Q: What’s the advantage of a polymer-based form factor?
Arnesen:
With a printed polymer you can do much more than just store memory. We can print an integrated system for instance, which allows us to print not only memory, but also print a sensor and have display logic. For instance, we can print a sensor that can read the temperature of a product. This could be placed on a bag of lettuce or a package of fish to confirm for the customer that this particular product has been kept the right temperature for its entire voyage to the store. I’m not sure you can do that with a paper-based tag. With polymer we can print everything on the substrate, including an antenna, so that it actually responds when it is read.

Q: What interest and potential do you see for your technology for packaged products?
Arnesen:
We have an arrangement with Bemis Co. (see “Thinfilm receives grant to develop Sensor Labels” below) in which it plans to use our labels on packages. While Bemis is just one company, it manufactures two billion packages a year and if more packaging suppliers get on board, that’s a huge amount.

Q: Thinfilm has received a grant from Innovation Norway. How will that help your company?
Arnesen:
Getting this grant from Innovation Norway is a huge act of trust reflective of how strongly they feel we are contributing to building this type of business. It not only benefits our company, it’s recognition that our company benefits Norway. The grant was given for this particular integrated system that we’re developing with Bemis.
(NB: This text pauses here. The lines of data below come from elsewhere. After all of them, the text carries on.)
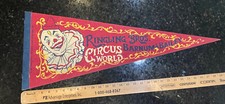 RINGLING BARNUM BAILEY Themepark CIRCUS WORLD...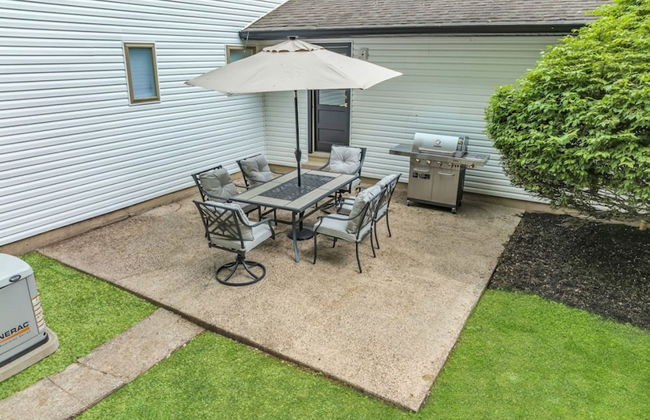 Cozy Family Home Fireplace and Backyard Playset - Photo 35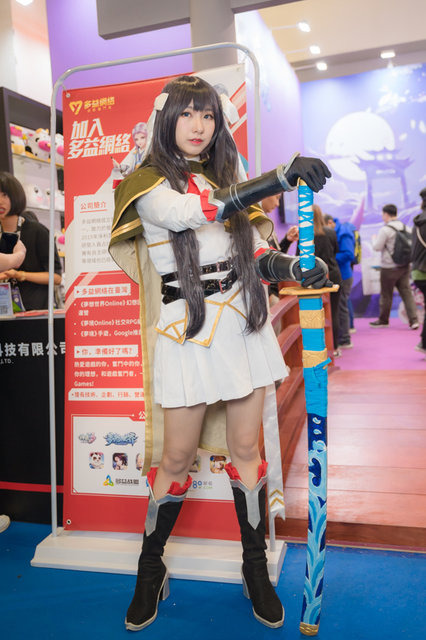 台湾ならでの2ショット撮影やショーで魅了！美女レイヤー＆コンパニオンまとめPART2【台北ゲームショウ2019】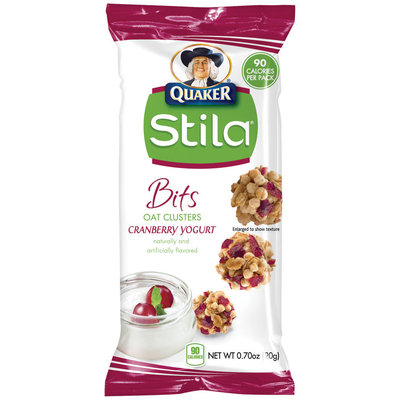 Quaker® Stila Bits Cranberry Yogurt Oat Clusters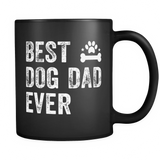 Best Dog Dad Ever - Mug - TEEEVER - Best Dog Dad Ever- Drinkware -TeeEver.com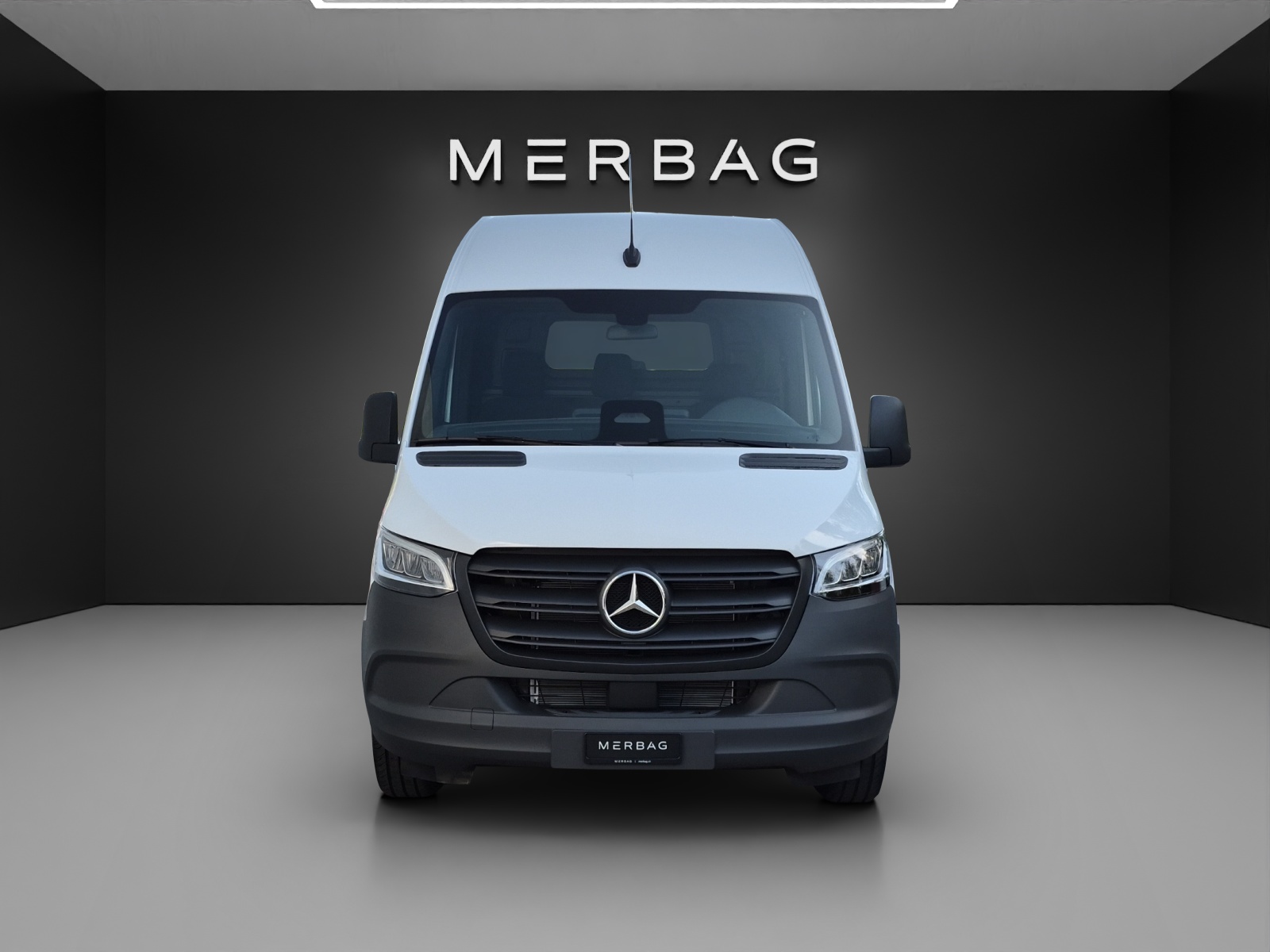 MERCEDES-BENZ Sprinter 319 CDI Standard 9G-TRONIC-image-1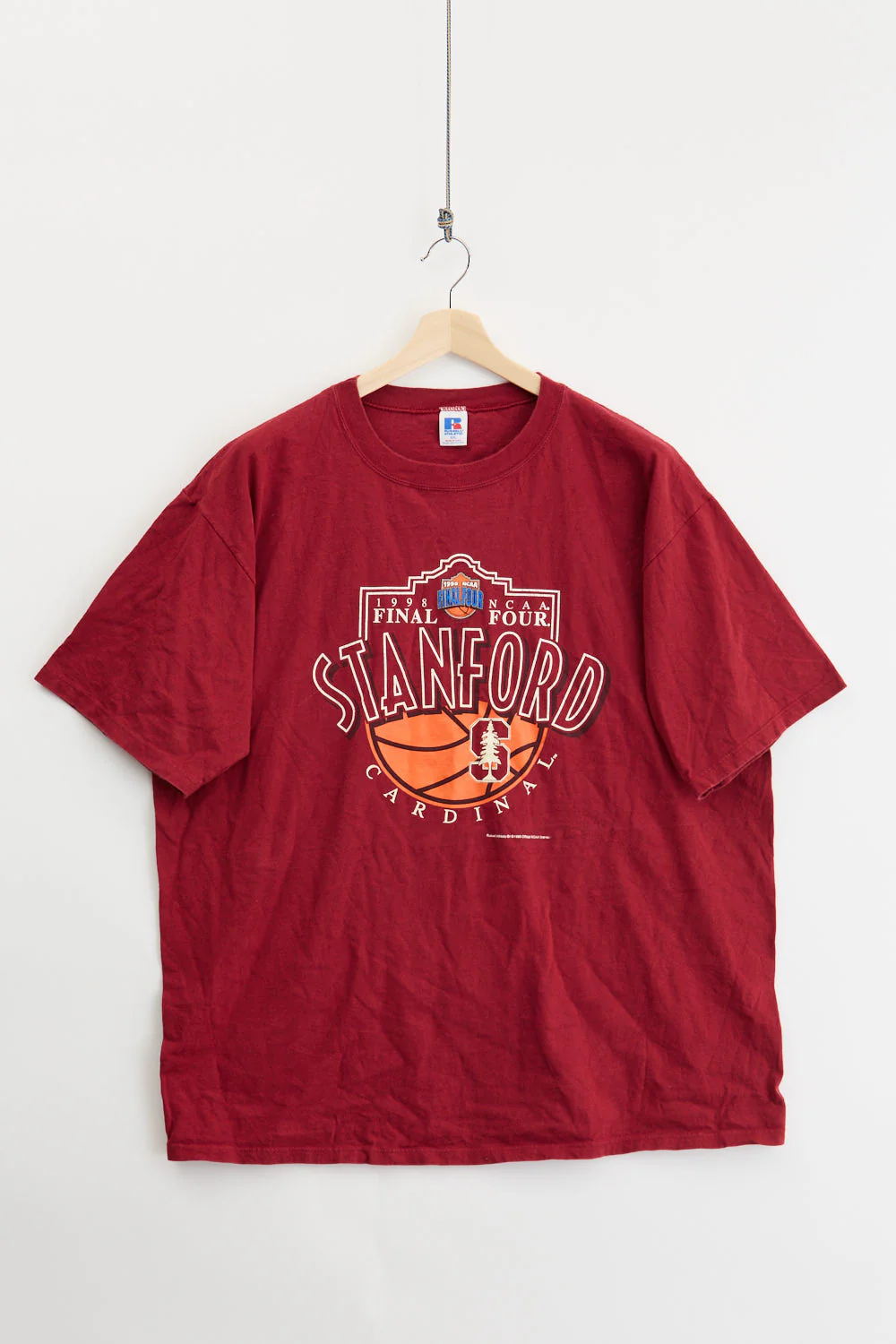 1998 Stanford Cardinal tee (XL)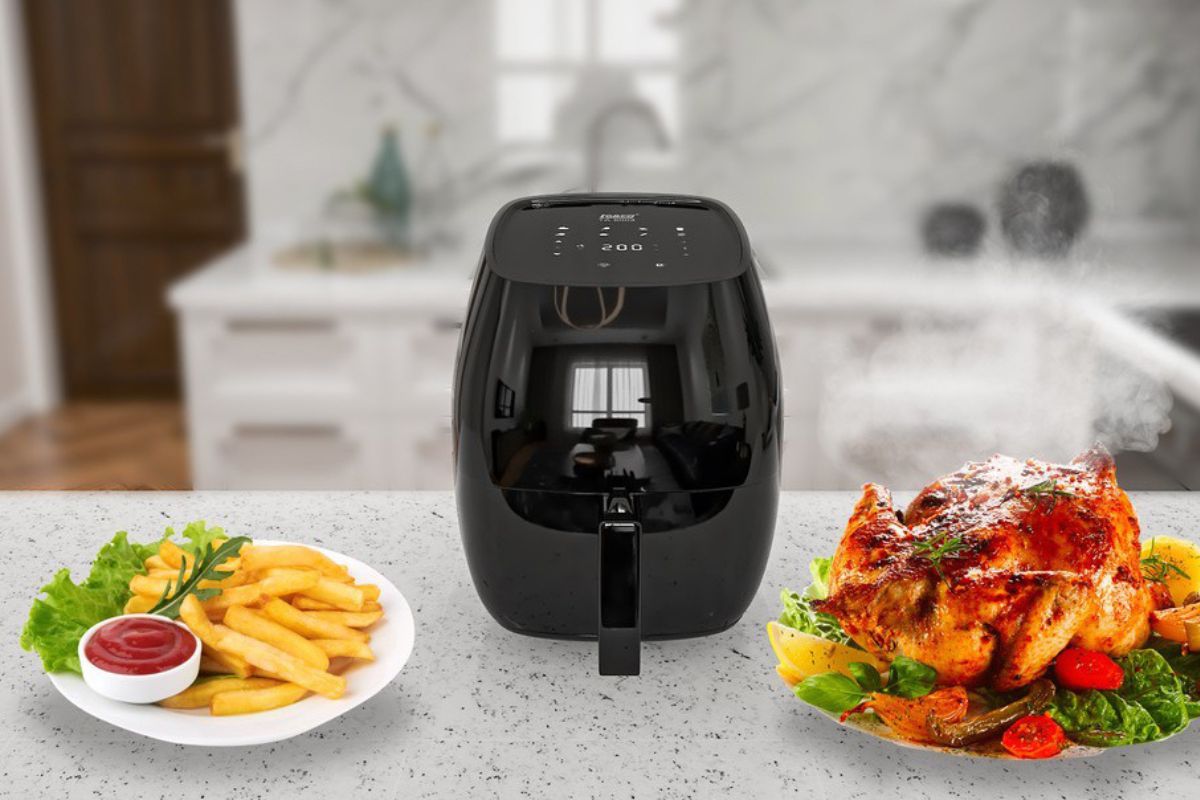 Lưu ý khi sử dụng nồi chiên không dầu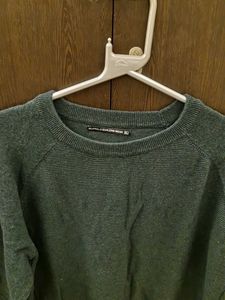 Green Pullover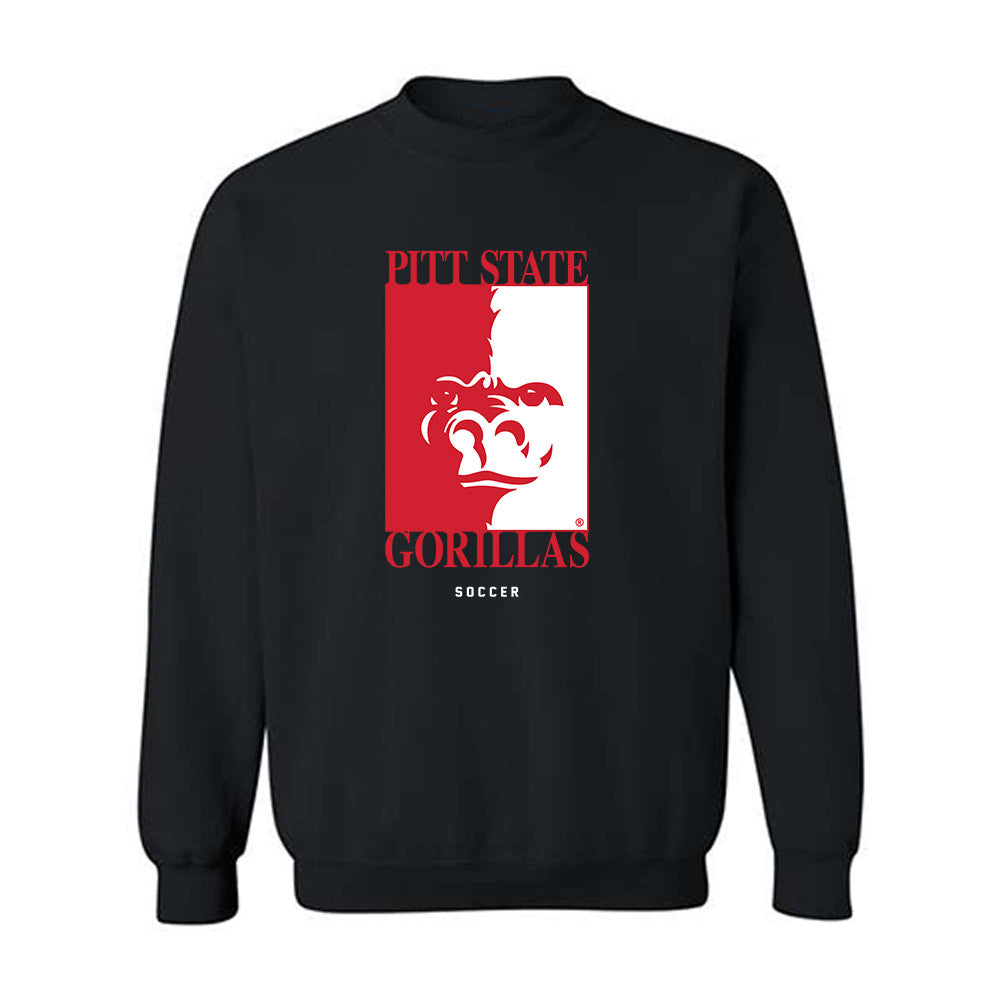 Pitt State - NCAA Women's Soccer : Alyssa Hotze - Crewneck Sweatshirt-0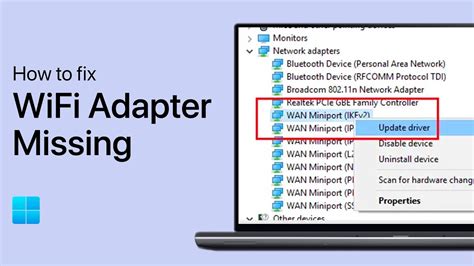 wifi driver missing after windows 10 update, Windows 10 network adapter driver download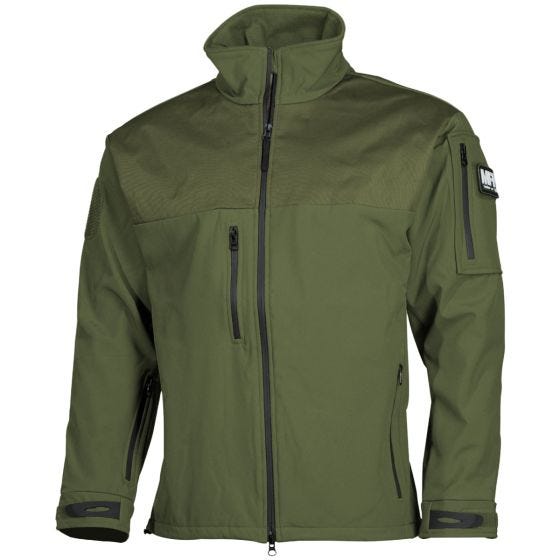 MFH giacca softshell Australia in OD Green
Q: Is your technology self-developed or do you work with other companies?
Arnesen:
We collaborate with other companies to make our products. We have an ecosystem of partners: Parc (www.parc.com), a Xerox company, has developed the transistors, the logics for an integrated system. Polyera (www.polyera.com) provides the ink. Other partners that we’ve collaborated with on the display are Acreo (www.acreo.se) and Imprint Energy (www.imprintenergy.com) for the battery for the integrated system. They all contribute for the end result of an integrated printed label.

Q: Anything else you can share?
Arnesen:
Besides Bemis, we also have a deal for brand protection with a global packaged consumer goods company that has not been released.